Why let go of the past? It might have (a) gotten corrupted, (b) begun taking up too many resources, (c) made you and your organization vulnerable, or (d) simply become unnecessary because the environment has changed.
Let go of the past as soon as it gets in the way.
Think about all the things that have changed in your organization: people who have come and gone, hardware and software that has come and gone, systems that used to be in place that couldn't possibly work now, the economy, your staff, your volunteers, your experiences, and on and on. Change is inevitable. If you, as a leader, can’t let go of “the way it used to be” or “the way it worked last year,” then you will almost certainly ruin your organization.

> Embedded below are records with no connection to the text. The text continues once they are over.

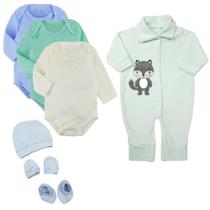 Kit Roupas de Bebê 7 Peças Body Manga Longa e Macacão Plush Kit Roupas de Bebê 7 Peças Body Manga Longa e Macacão Plush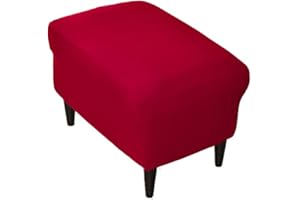Highdi Ottoman Cover Rectangle Polyester Spandex, Solid Color Stretch Footstool Slipcover, Stool Protector Cover with Elastic Bottom, Removable Washable Footrest Pouffe Covers (burgundy red,XL)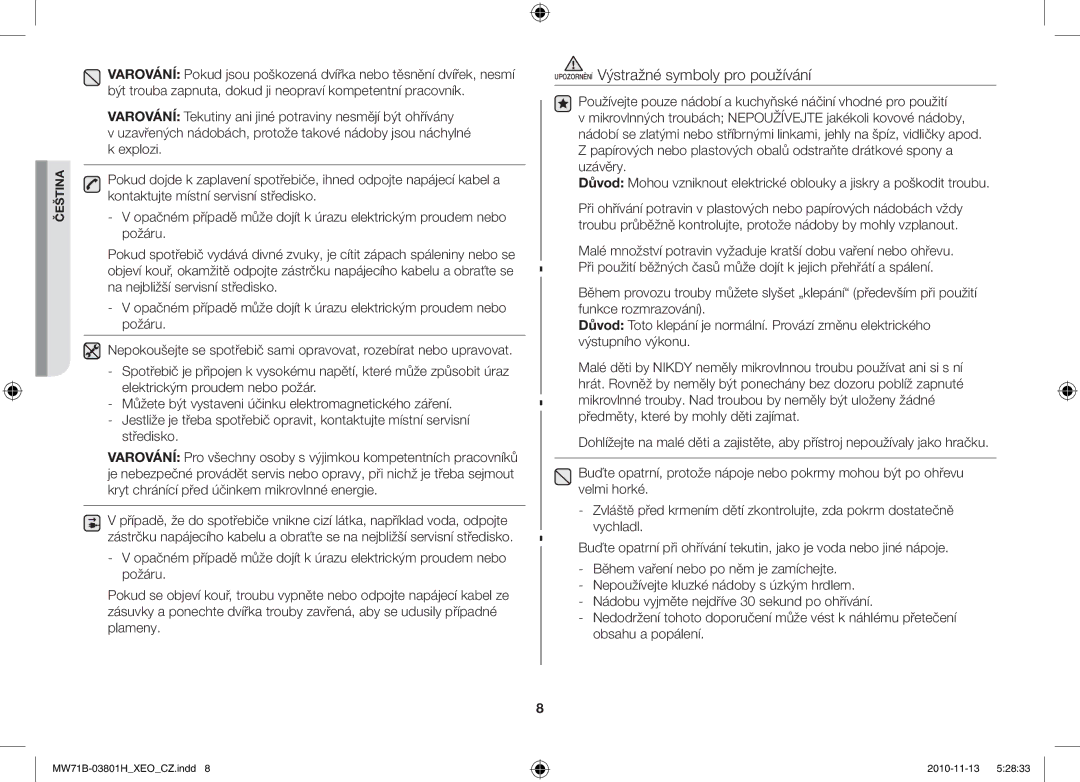 Samsung MW71B/BOL, MW71B/XEO, MW71B/ELE, MW71B/XEG manual Upozornění Výstražné symboly pro používání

Not being able to let go of anything that gets in the way of your projected future is one of the most devastating things a leader can do.
Is it really difficult for you to let go of the past, even if it gets in the way of your future? What drives that reluctance? Why is it so hard? What about your people? Are they clinging too hard to the past? How do you lead them to focus on the future when the past gets in the way? We'll discuss that in a future essay.